Daiwa House Logistics Trust (DHLT), with a debut portfolio of logistics assets in Japan, may be Singapore’s largest initial public offering (IPO) this year, but Clarence Chu, an analyst/Insight provider at Aequitas Research, said there’s not much reason to buy.
“While valuation relative to peers seems fair, we see no compelling reason to buy the REIT as other Singapore-listed industrial/logistics REITs offer similar yields while having a much larger and diversified portfolio,” said Chu, who publishes on SmartKarma.
“Future yields could dwindle, and there are other SGX-listed REITs with larger diversified portfolios that offer similar or slightly higher yields,” Chu said.
The trust, which is expected to begin trade on Friday, has an initial portfolio of 14 logistics and industrial real estate assets, and is aiming to raise gross proceeds of S$540 million, with an IPO price of S$0.80 a unit.
Distribution per unit (DPU) is estimated at 1.25 Singapore cents and 5.21 Singapore cents, respectively, for distribution yield of around 6.3 percent to 6.5 percent, the prospectus said.
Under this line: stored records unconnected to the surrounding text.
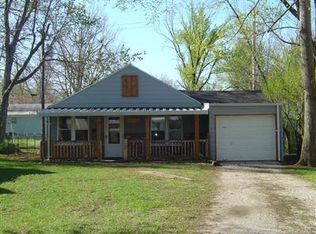1516 E Lindberg St, Springfield, MO 65804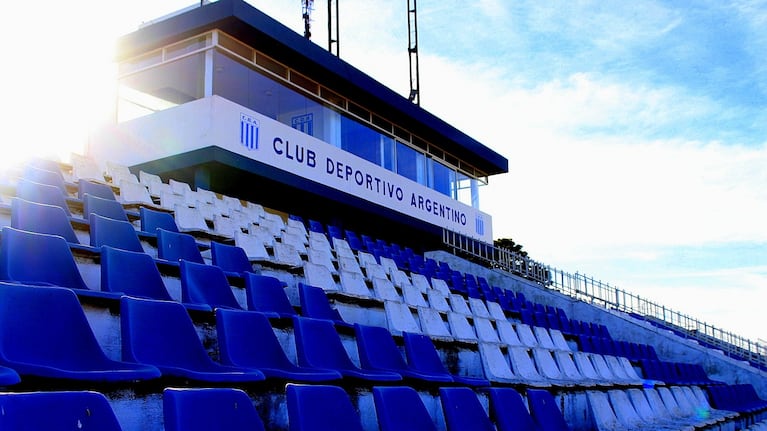 El estadio de Argentino de Monte Maíz tiene capacidad para poco más de 5 mil personas.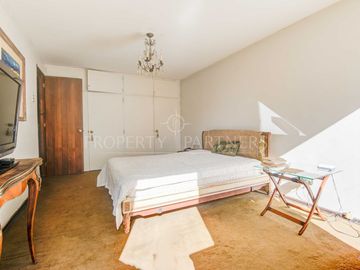 Ideal para remodelar ubicado en Ricardo Lyon, Providencia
Chu noted the 6.5 percent dividend yield was at the higher end for its Singapore-listed peers, but that assumed a 100 percent dividend payout for fiscal 2021 and 2022. After 2022, the dividend payout policy shifts to at least 90 percent of distributable income, which could drag the yield to around 5.88 percent, he noted.
That was in comparison with AIMS APAC REIT — DHLT’s closest peer based on valuation, assets under management (AUM) and net leasable area — which has a fiscal 2023 estimated yield around 50 basis points higher, Chu estimated.
Compared with selected Japanese listed peers, DHLT is the smallest, but with the longest weighted average lease expiry (WALE), likely as most leases were signed recently, Chu noted.
Japan-listed logistics REIT’s tend to trade at yields of around 2 percent to 3 percent, however, he said.
“It then begs the question of why the REIT decided to list on SGX, when it was willing to offer it at an attractive half the valuation in terms of dividend yield and P/NAV [price-to-net asset value], coupled with a liquid REIT market in Japan with over 60 REITs trading,” he said.
To be sure, DHLT’s prospectus noted its sponsor has a growing pipeline of assets in Southeast Asia, which is also seeing strong growth in the logistics and industrial sector. DHLT will have right of first refusal (ROFR) over a pipeline of assets in Japan and Southeast Asia, the prospectus said.
In a recent article from The Edge Singapore, Takeshi Fujita, CEO of DHLT’s manager, said targeting Japan’s regional markets gives the REIT’s yield a fillip, as the areas are both attractive and overlooked, with strong and growing demand.